Olive oil is a powerful food, and is a splendid substitute for animal fat, and has practically no waste. There is nothing better for the frying of foods. It is a fine preservative; we are all acquainted with its use in tinning fish, &c. ...in fact, olive oil and ripe olives are invaluable.

(South) Australians, then, knew the importance of olive oil in the cooking of Mediterranean Europe and had at least some idea of how it was used. Moreover, the acknowledged medical and dietary benefits of olive oil gave them good reasons to consume olive oil. However, this knowledge did not necessarily translate into local domestic practice as evinced in references to olive oil in cookbooks published in Australia.

Recipe books are not indisputably reliable sources for the culinary habits of the general public and, for the purposes of this paper, for the place of olive oil in its food culture. Nevertheless, more than banquet menus or literary descriptions of meals, cookbooks afford an insight into the culinary interests of at least that part of the population that was increasingly interested in food and its preparation, was possibly trained to cook in public classes or in schools, referred to cookbooks and should have been most inclined to adopt newly available foods or ingredients such as olive oil. If (South) Australians, like Southern Europeans, used olive oil in their food and cooking, I assume, this should have been reflected in their recipe books.

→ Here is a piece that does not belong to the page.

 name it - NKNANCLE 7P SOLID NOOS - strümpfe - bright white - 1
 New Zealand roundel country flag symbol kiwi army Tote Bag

Searching for recipes that include olive oil in nineteenth and early twentieth century cookbooks has proven to be a particularly unrewarding task. Bette Austin's Bibliography of Australian Cookery Books published prior to 1941 lists 722 books related to cooking published in Australia from 1864 to 1941; approximately a third, about 250, could be described as general collections of recipes. To survey these, I have sampled the general cookbooks, concentrating initially on those published from about 1870 to about 1920 since this period witnessed a dramatic increase in the consumption of olive oil.

This survey comprised the following collections of recipes:

Alfred J. Wilkinson, The Australian Cook, 1876
L. Rawson, Cookery Book and Household Hints, 1878
[Anon], Australian Plain Cookery, 1884
Harriet Wicken, The Kingswood Cookery Book, 1885
Margaret Pearson, Cookery Recipes for the People, 1888
Cole's Australian Household Guide...comprising the new and enlarged edition of Mrs Beeton's Cookery Book, 1891
Margaret Pearson, Australian Cookery, 1892
Mrs. L. Rawson, The Antipodean Cookery Book and Kitchen Companion, 1895
Harriet Wicken, Useful Recipes, 1895
Hannah Maclurcan, Mrs. Maclurcan's Cookery Book, 1898
Harriet Wicken, The Kingswood Cookery Book, 1898
Mrs. F. Routledge, The Goulbourn Cookery Book, 1899
Mrs. F. Aronson, XXth Century Cooking, 1900
Hannah Maclurcan, The Twentieth Century Cookery Book, 1901
Alice Hills, The Adelaide Cookery Note Book, 1902*
K. McCall, Four Hundred Tested Recipes, 1903
[Anon], Garden and Field Cooking Recipes, 1905*
A. M. Munro, Practical Australian Cookery, 1909
G. S. White, The New Idea Cook Book, 1910
Lady Victoria Buxton's Girls' Club, The Kookaburra Cookery Book, 1911*
Racey Schlank (ed), The Liberal's Cookery Book, 1912*
[Anon], The Australiasian Cookery Book, 1913
Mrs Willie Moffatt, The Berrambool Recipe Book, 1915?
Faulding's Journal, War Cook Book, 1917*
E. W. Bramble, Patriotic Cookery Book, 1918
[Anon], The Golden Cookery Book, 1919
[Anon], Your Store's Book of Cookery, 1919*
[Anon], Aunt Susan's Toothsome Recipes, 1920*
[Chalmers Church Friendship Club], South Australian Presbyterian Cookery Book, 1924

This is not a random sample. Assuming that (South) Australian writers were more likely to be influenced by the well-promoted local olive industry, I included all available recipe books authored by South Australians or published in South Australia (marked above with an *) for the period. Given this, the selection should be positively biased towards more and a broader range of recipes that included local products, including olive oil. These cookbooks include approximately 8000 recipes, many repeated or with minor variations, over all categories of food.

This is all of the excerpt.